## THE DATA
════

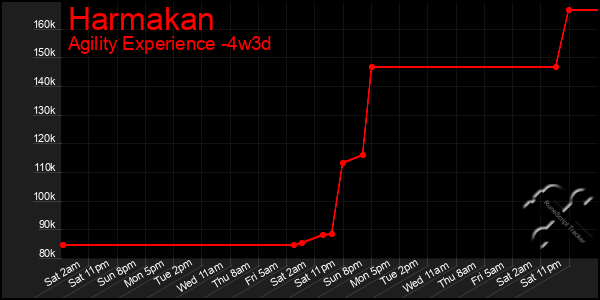 Last 31 Days Graph of Harmakan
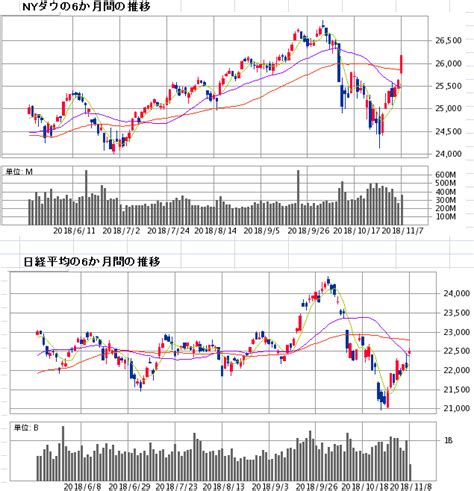 The site owner hides the web page description. 米中間選挙が終わって、結局日経平均は元の鞘に戻る。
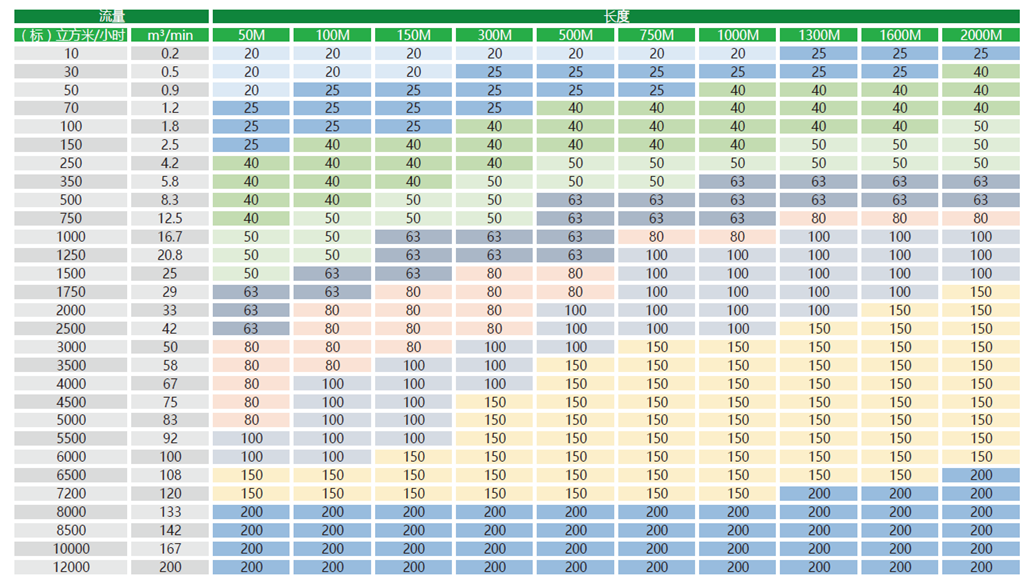 壓縮空氣管道壓降計算方法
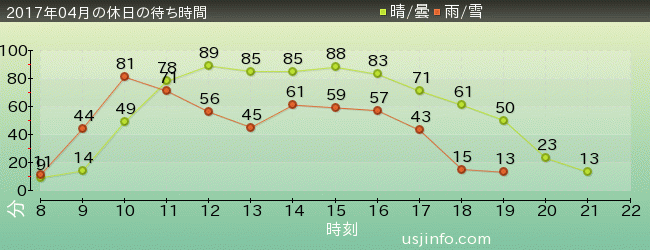 NEW ｱﾒｰｼﾞﾝｸﾞ･ｱﾄﾞﾍﾞﾝﾁｬｰ･ｵﾌﾞ･ｽﾊﾟｲﾀﾞｰﾏﾝ(TM)･ｻﾞ･ﾗｲﾄﾞ 4K3Dの2017年4月の待ち時間グラフ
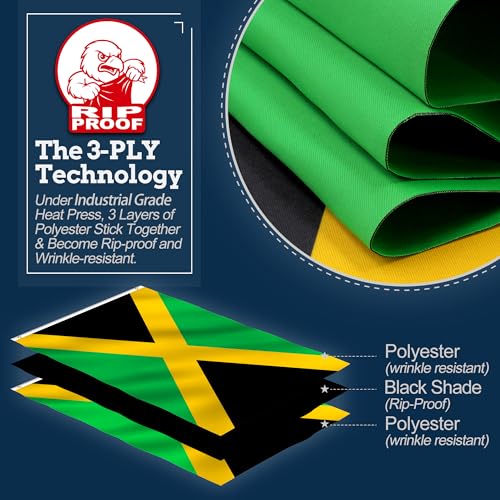Drapeau de la Jamaïque indéchirable et durable double face Anley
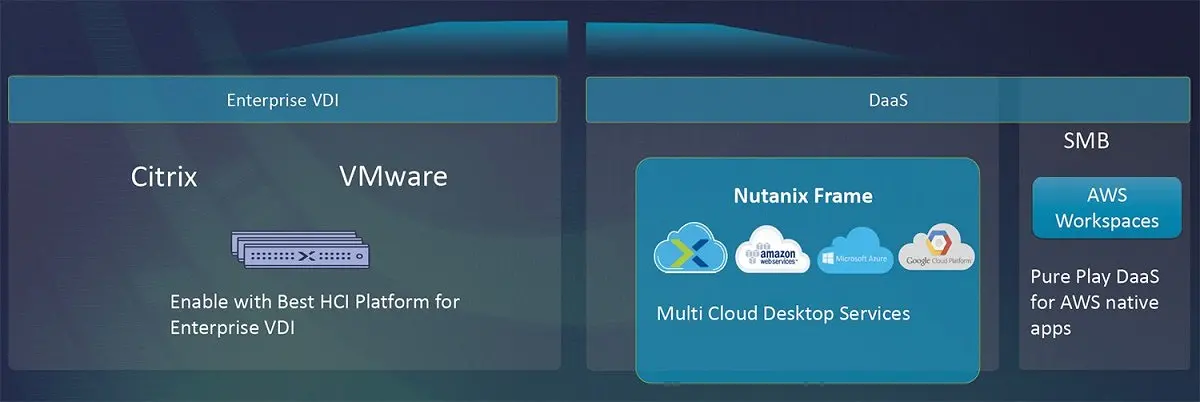 Nutanix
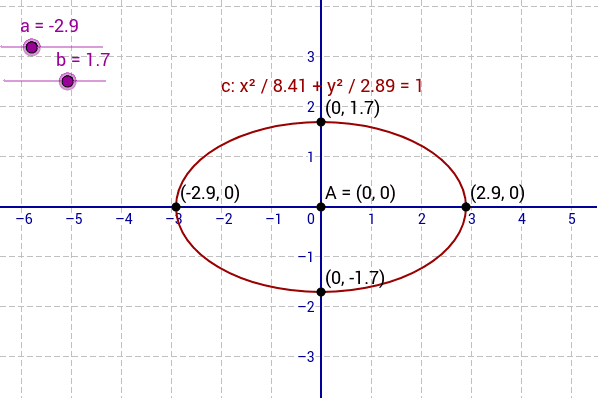 Equation Of An Ellipse X A 2 Y B 2 1 Geogebra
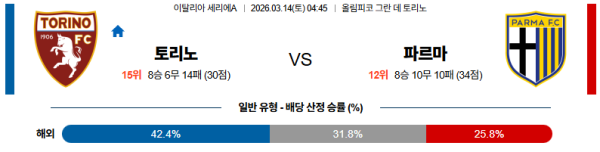 토리노 대 파르마 세리에A 03월14일 맞대결 생중계, 스포츠중계, 스포츠분석
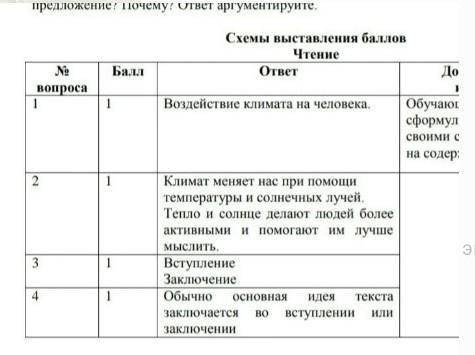 Задание № 1 (2 б. )Прочитайте текст, выполните задания.Текст Климат меняет нас при температуры и сол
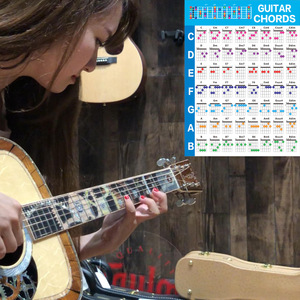 Ingrosso 100 Pezzi Diagrammi e Grafici di <span class=keywords><strong>Accordi</strong></span> per <span class=keywords><strong>Chitarra</strong></span> Elettrica e Acustica a Sei <span class=keywords><strong>Corde</strong></span> Modello G625 Marca 11 - Product Image 3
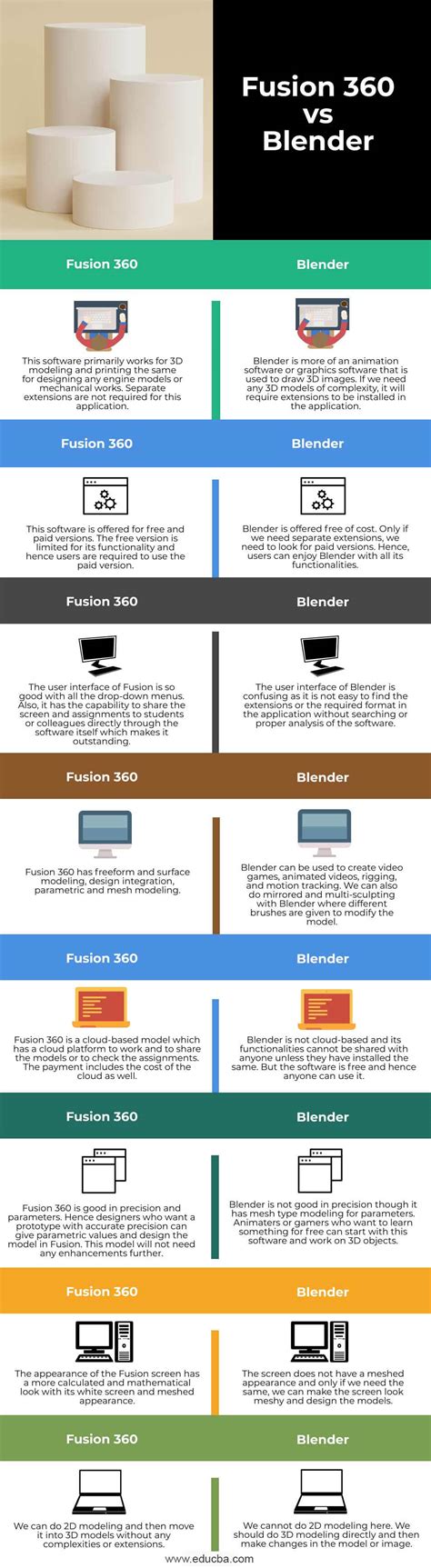 Fusion 360 vs Blender | Top 8 Differences You Should Know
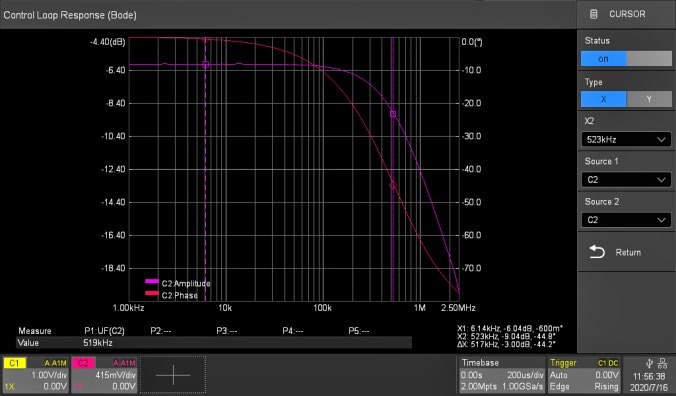 T3DSO3000HD 보드 선도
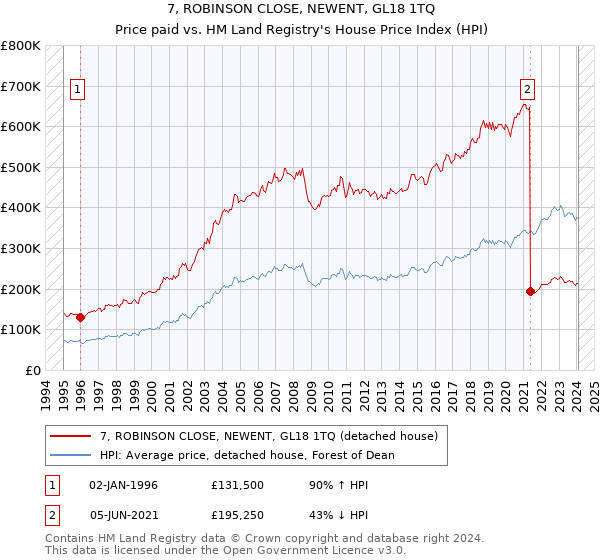 7, ROBINSON CLOSE, NEWENT, GL18 1TQ: Price paid vs HM Land Registry's House Price Index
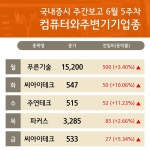 6월 5주차 주간 증시 컴퓨터와주변기기 업종 푸른기술, 씨아이테크, 주연테크, 파커스 강세...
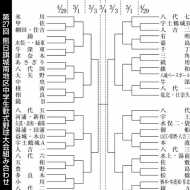 熊日旗城南地区中学軟式野球 54チーム熱戦 29日から 熊本日日新聞社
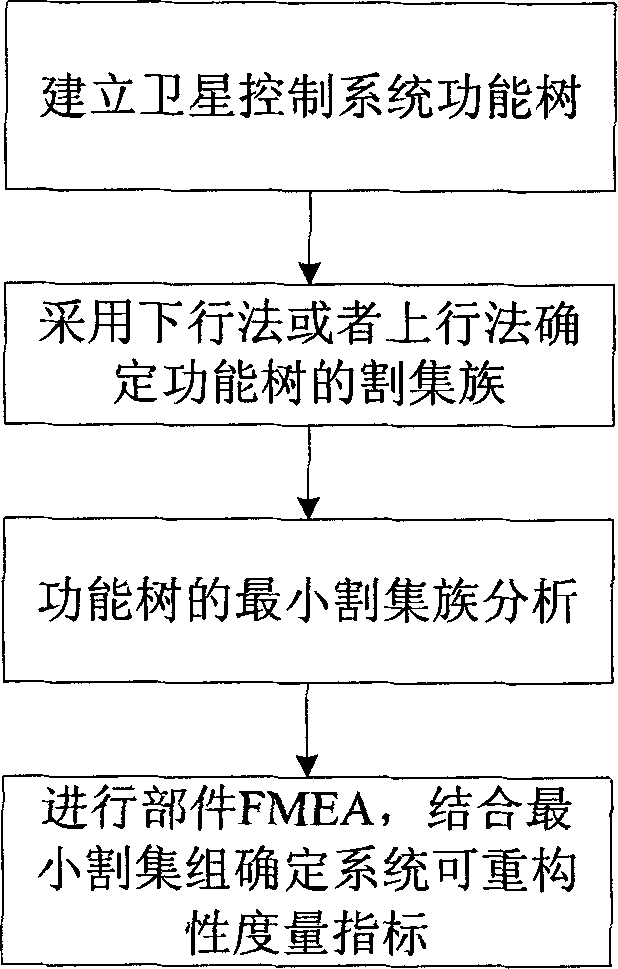 Method for determining reconfigurability of satellite control system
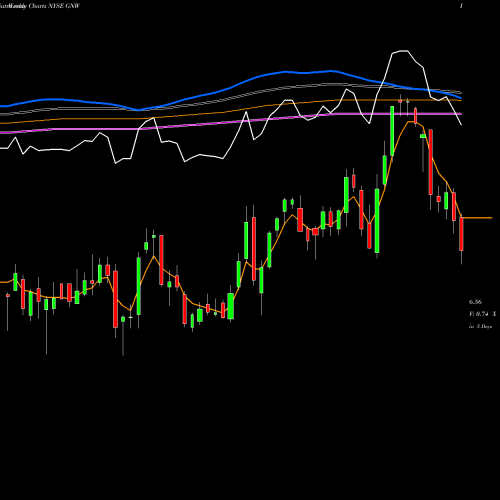 Weekly charts share GNW Genworth Financial Inc NYSE Stock exchange 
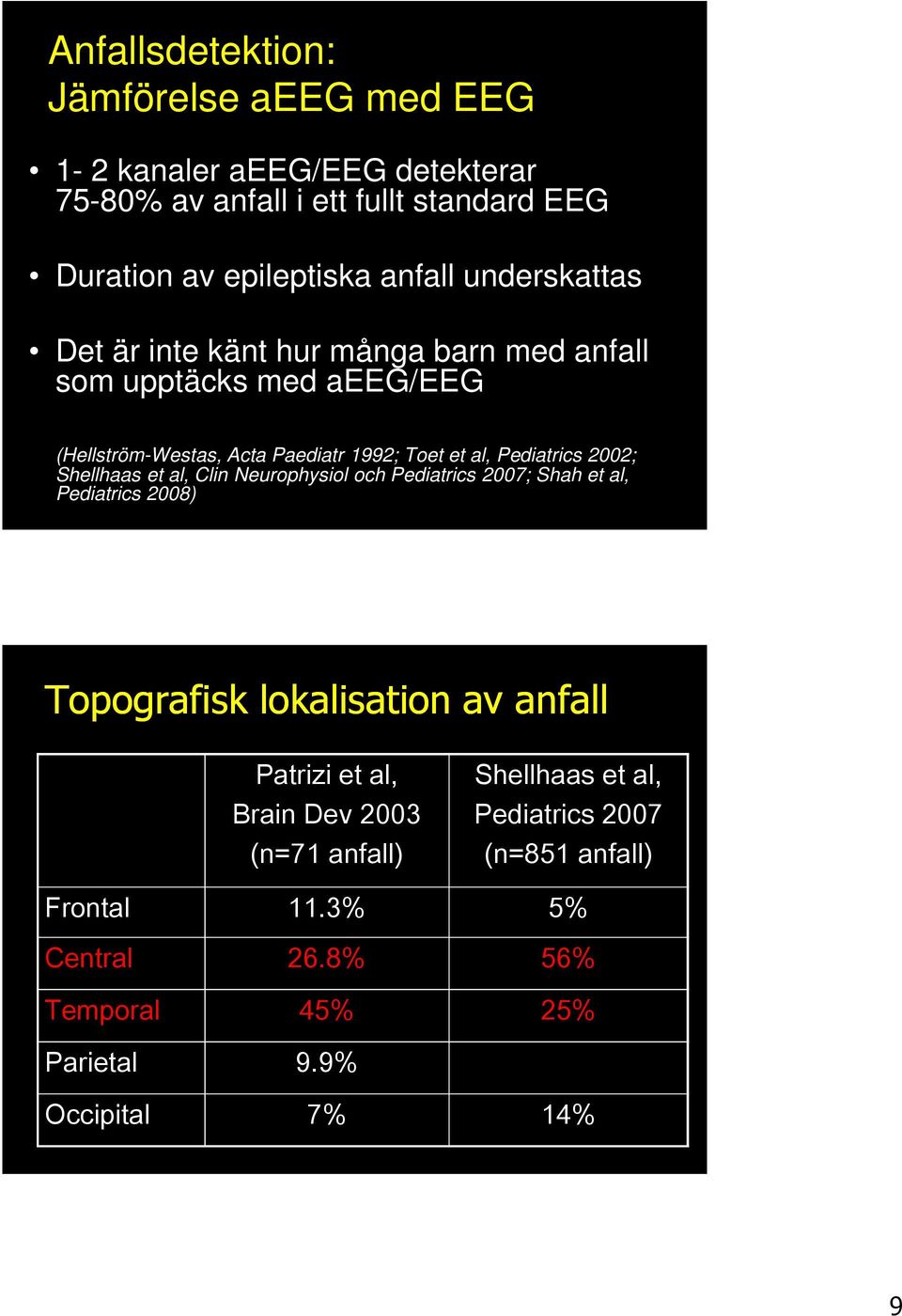 2002; Shellhaas et al, Clin Neurophysiol och Pediatrics 2007; Shah et al, Pediatrics 2008) Topografisk lokalisation av anfall Patrizi et al, Brain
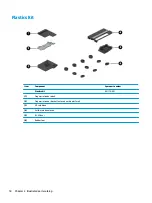 Preview for 28 page of HP mt43 Maintenance And Service Manual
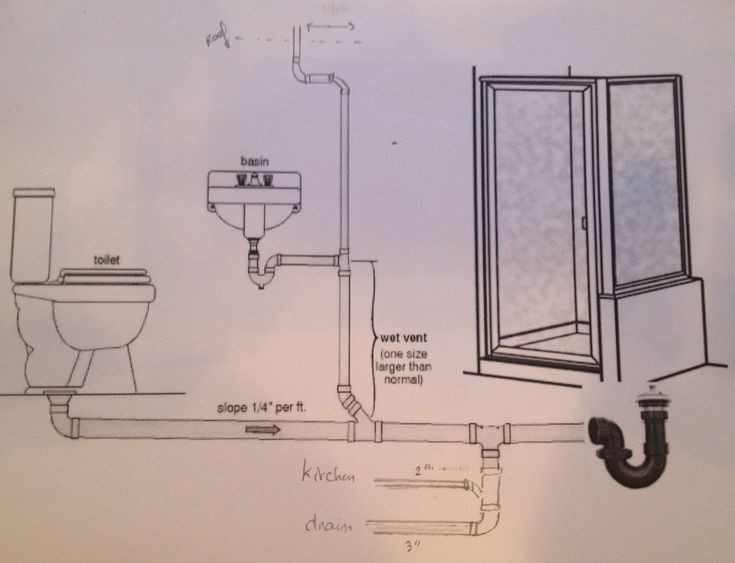 Best ideas about Kitchen Sink Plumbing Diagram DIY
. Save or Pin Stylish Plumbing Drain Piping Diagram For Bathroom Home Now.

════

## TASK REQUIREMENTS
Word for word, restate all of the records. Exclude the pictures.

## RESULT OF THIS TASK
 Last 31 Days Graph of Harmakan
 The site owner hides the web page description. 米中間選挙が終わって、結局日経平均は元の鞘に戻る。
 壓縮空氣管道壓降計算方法
 NEW ｱﾒｰｼﾞﾝｸﾞ･ｱﾄﾞﾍﾞﾝﾁｬｰ･ｵﾌﾞ･ｽﾊﾟｲﾀﾞｰﾏﾝ(TM)･ｻﾞ･ﾗｲﾄﾞ 4K3Dの2017年4月の待ち時間グラフ
Drapeau de la Jamaïque indéchirable et durable double face Anley
 Nutanix
 Equation Of An Ellipse X A 2 Y B 2 1 Geogebra
 토리노 대 파르마 세리에A 03월14일 맞대결 생중계, 스포츠중계, 스포츠분석
 Задание № 1 (2 б. )Прочитайте текст, выполните задания.Текст Климат меняет нас при температуры и сол
 Ingrosso 100 Pezzi Diagrammi e Grafici di <span class=keywords><strong>Accordi</strong></span> per <span class=keywords><strong>Chitarra</strong></span> Elettrica e Acustica a Sei <span class=keywords><strong>Corde</strong></span> Modello G625 Marca 11 - Product Image 3
 Fusion 360 vs Blender | Top 8 Differences You Should Know
 T3DSO3000HD 보드 선도
 7, ROBINSON CLOSE, NEWENT, GL18 1TQ: Price paid vs HM Land Registry's House Price Index
 6월 5주차 주간 증시 컴퓨터와주변기기 업종 푸른기술, 씨아이테크, 주연테크, 파커스 강세...
 熊日旗城南地区中学軟式野球 54チーム熱戦 29日から 熊本日日新聞社
 Method for determining reconfigurability of satellite control system
 Weekly charts share GNW Genworth Financial Inc NYSE Stock exchange 
 2002; Shellhaas et al, Clin Neurophysiol och Pediatrics 2007; Shah et al, Pediatrics 2008) Topografisk lokalisation av anfall Patrizi et al, Brain
 Preview for 28 page of HP mt43 Maintenance And Service Manual
 Best ideas about Kitchen Sink Plumbing Diagram DIY
. Save or Pin Stylish Plumbing Drain Piping Diagram For Bathroom Home Now.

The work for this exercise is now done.